青山学院大学全学FD委員会(委員長=長谷川 信副学長、経営学部教授)は9月26日、2012年度第2回新任教職員研修会を、青山キャンパス14号館11階第19会議室で開催し、新任及び任意参加の教職員総勢37名が参加しました。

この新任教職員研修会は、2012年度に任用された専任教員(教授・准教授・助教・助手)及び一般事務職員(大学以外の配属者も含む)を対象に年2回開催しており、2回目となる今回は前期を終えた時点での経験値をもとに、さらに教育効果をあげるための工夫を外部講師の講義により理解するとともに、今後の授業改善及びそれに伴う支援業務につなげてもらうことを目的としております。

研修会の冒頭、伊藤 悟大学宗教部長が開会祈祷を奉げ、それに引き続き、青山学院大学は「青山学院教育方針」に明言されているとおり、「キリスト教信仰にもとづく教育をめざし、神の前に真実に生き、真理を謙虚に追求し、愛と奉仕の精神をもって、すべての人と社会とに対する責任を進んで果たす人間の形成を目的とする」特別な大学であり、他の国公立や私立の大学と異なる最もユニークな点は、このキリスト教による教育方針にあること、その具現化のために本学では毎日礼拝が行われ、「キリスト教概論Ⅰ・Ⅱ」を全学部生に必修とするほか、学内におけるさまざまなキリスト教活動を通じて、学生や教職員が学院の建学の精神やキリスト教信仰の真髄に触れる機会を多く設けていることを話されました。

この開会祈祷の後、長谷川副学長による本日の講師・杉原先生の紹介があり、研修会が始まりました。

講師:杉原 真晃 先生(山形大学基盤教育院/教育開発連携支援センター 准教授)

まず始めに、今日のテーマ「学生の主体性をいかに育むか」を開講するにあたって、以下の目的を説明されました。

・学生の主体性(主体的学習)をいかに育むかについての意識を高める、理論や実践事例を知る。
・それをもとに、自身の講義型授業における不安、課題、工夫、楽しみ等について、考える。
・参加者間でそれを共有し、アイデアを交換する。
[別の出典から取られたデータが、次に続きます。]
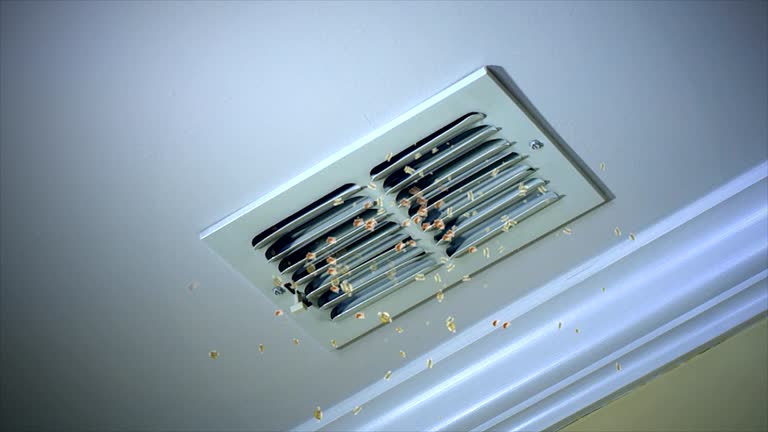 Best Air Vent Cleaning Services  in Traer, IA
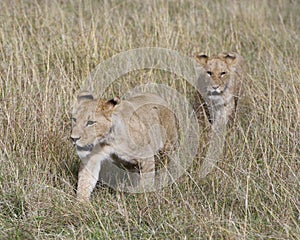 Frontview closeup of two lionesses walking in grass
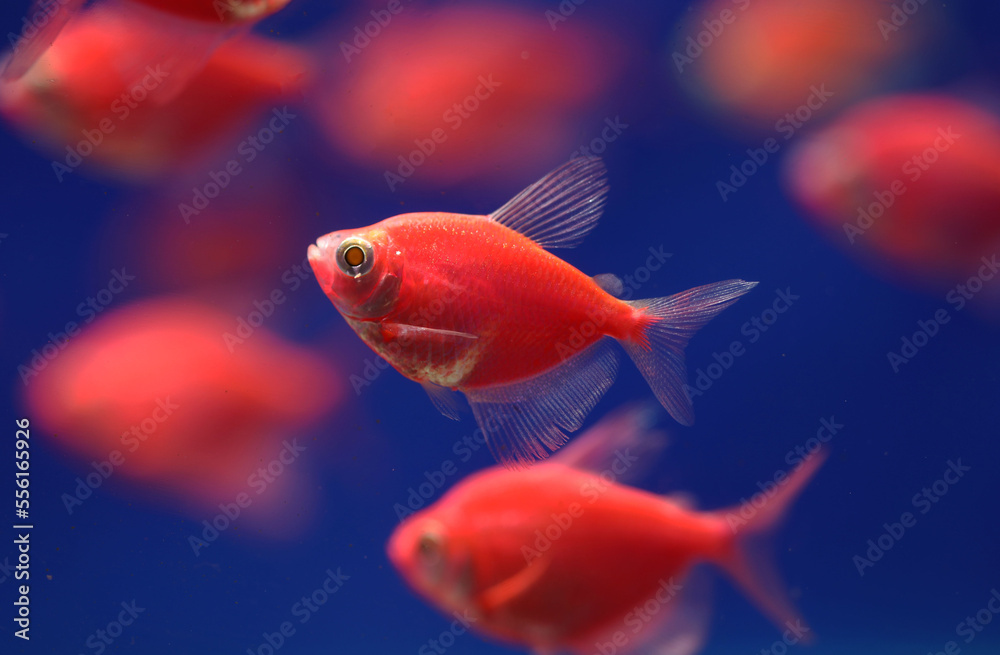 Glo fish tetra (Gymnocorymbus ternetzi) that is genetically modified into bright orange color Glo fish tetra (Gymnocorymbus ternetzi) that is genetically modified into bright orange color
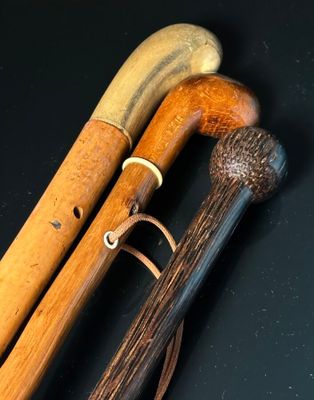 Lot de 3 cannes comprenant une en palmier à pommeau sphériqu…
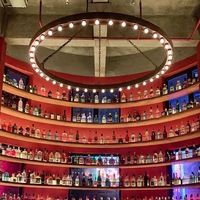 Lustre Industriel Américain en Or, Suspension LED E26 Sur Mesure, Câble Réglable pour Salle de Sport, Bar, Club, Restaurant, Librairie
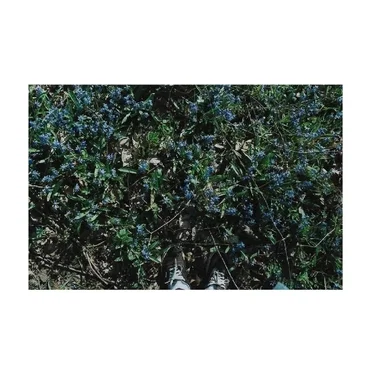 discography 2016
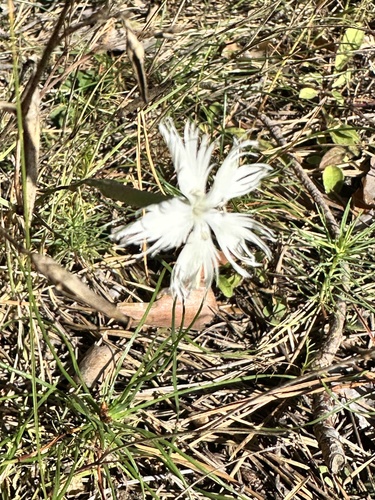 Dianthus arenarius, photograph 3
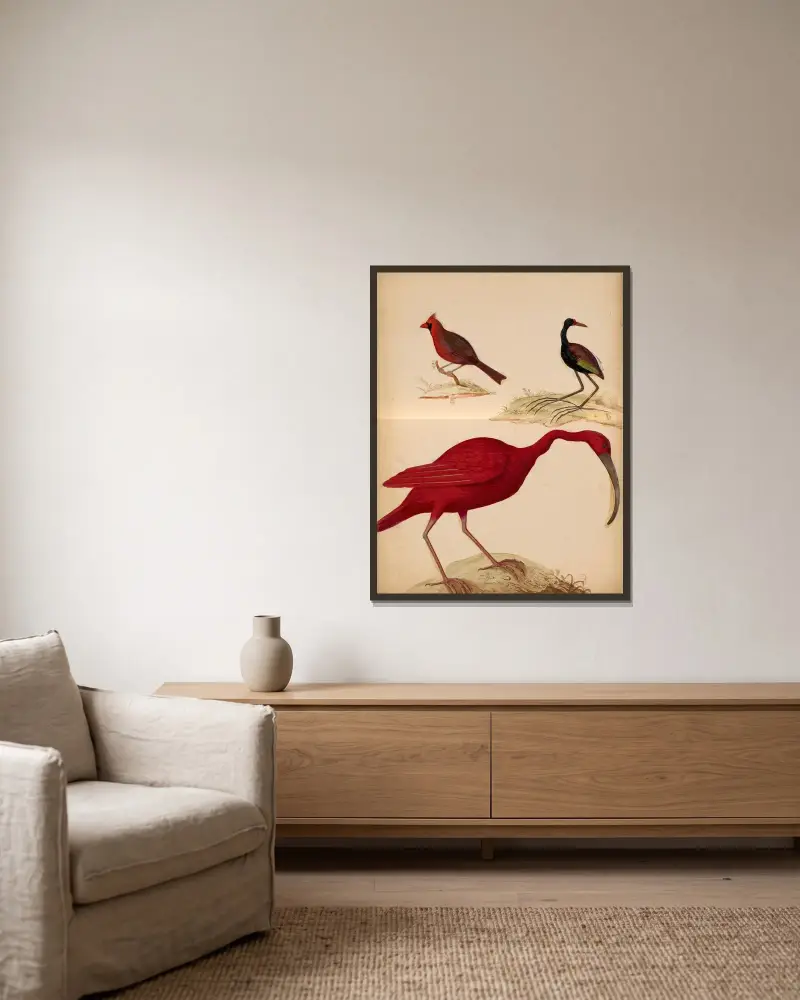 Oiseaux de la Ménagerie du Roi Pl.21 av Pieter Boel inramad på en vägg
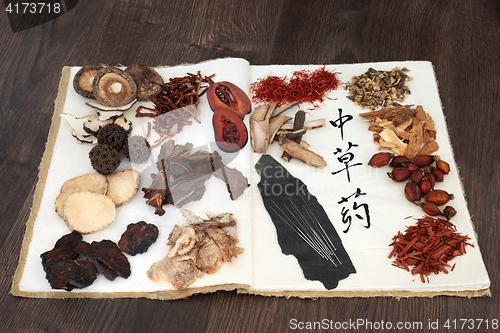 Image of Chinese Herbs and Acupuncture Needles 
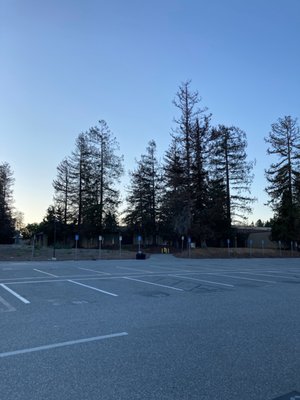 De Anza College by null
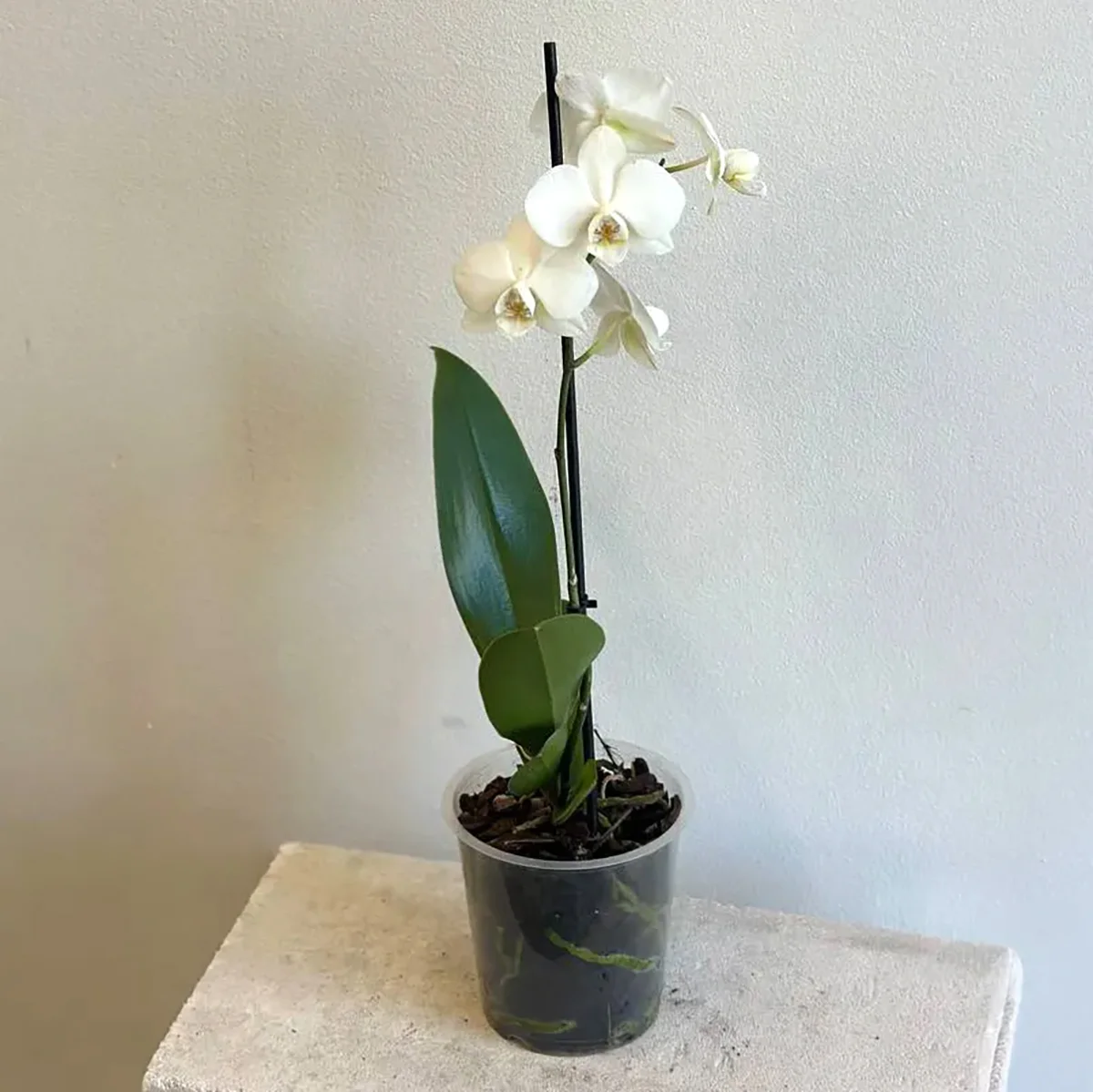 Phalaenopsis Orkide – Tasarım 2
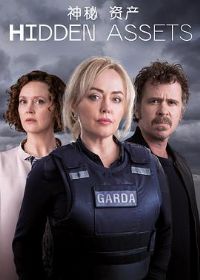 �����ʲ�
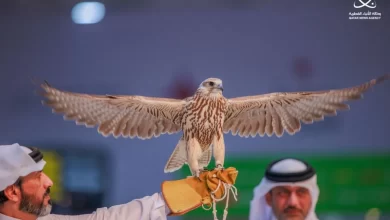 Katara International Hunting & Falcons Exhibition (S'hail 2024)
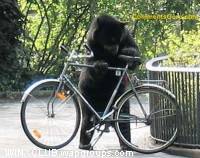 bear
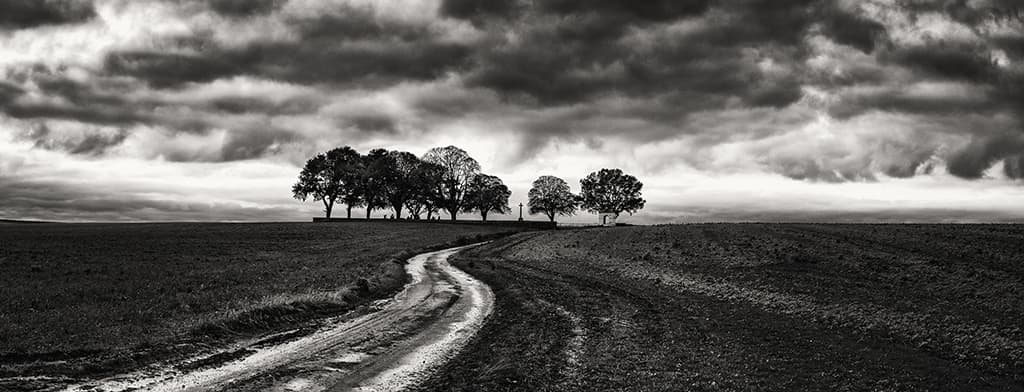 Black and white shot of a bendy dirt track running through a countryside field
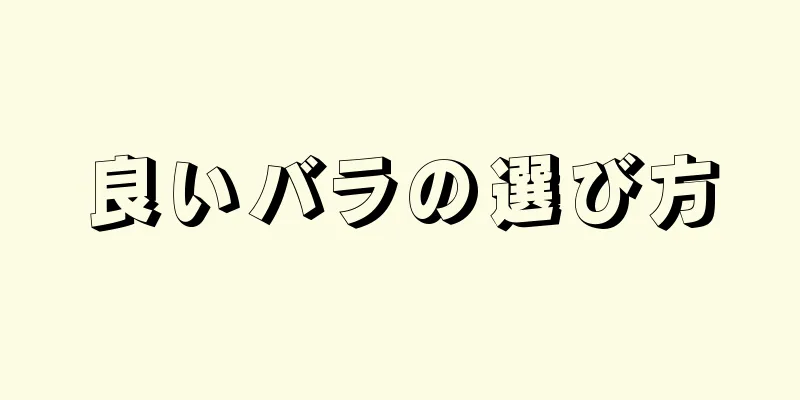 良いバラの選び方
それにより、教員・職員間の連携が深まる。

学生の主体性をいかに育むか

1. 主体的学習を求める社会的事情

1)中央教育審議会答申(2012.8.28)

「新たな未来を築くための大学教育の質的転換に向けて~生涯学び続け、主体的に考える力を育成する大学へ~」

2)学生参加型の授業が求められる背景(田中、2003)
(1)高等教育のユニバーサル化にともなう学生の学習意欲の低下への対応
(2)臨床場面で生きて働く臨床知の獲得や科学技術の爆発的展開にコミットできる高度な創造性の育成

3)ボーダーフリー大学の学生の認識(山田、2009)

4)ボーダーフリー大学の学生の逸脱行動(葛城、2012)

2. 主体的学習の支援にかかるBackground

2-1. 主体的学習支援の授業実践の位置づけ

2-2. どのような「主体的学習」を期待するのか

2-3. なぜ、主体的学習をしないのか

2-4. なぜ、学習意欲が向上しないのか

深刻な授業及び好評な授業の事例を、授業改善アンケート結果から紹介してゆく

グループディスカッション(1)

「学生の主体的学習」「学生の学習意欲」に関する、みなさん各々の授業(講義型授業)における課題
(1)授業においてどのような問題を抱えているか、どのような「学習意欲の低い学生」が見られるか
(2)学生は、なぜ学習意欲が低い・向上しないのか

ふたたび、講義

3. 講義型授業における学習意欲向上のための対応

3-1. 学生の声、教員の経験からのノウハウ集
   山形大学制作事例ビデオ「あっとおどろく大学授業NG集」

3-2. 学生の主体的学習を意識した授業計画
   シラバスの構造と学習を軸にしたシラバス

3-3. 学習意欲向上の理論
   学習意欲を高めるための「ARCS」モデル(Keller,J.M., 2010)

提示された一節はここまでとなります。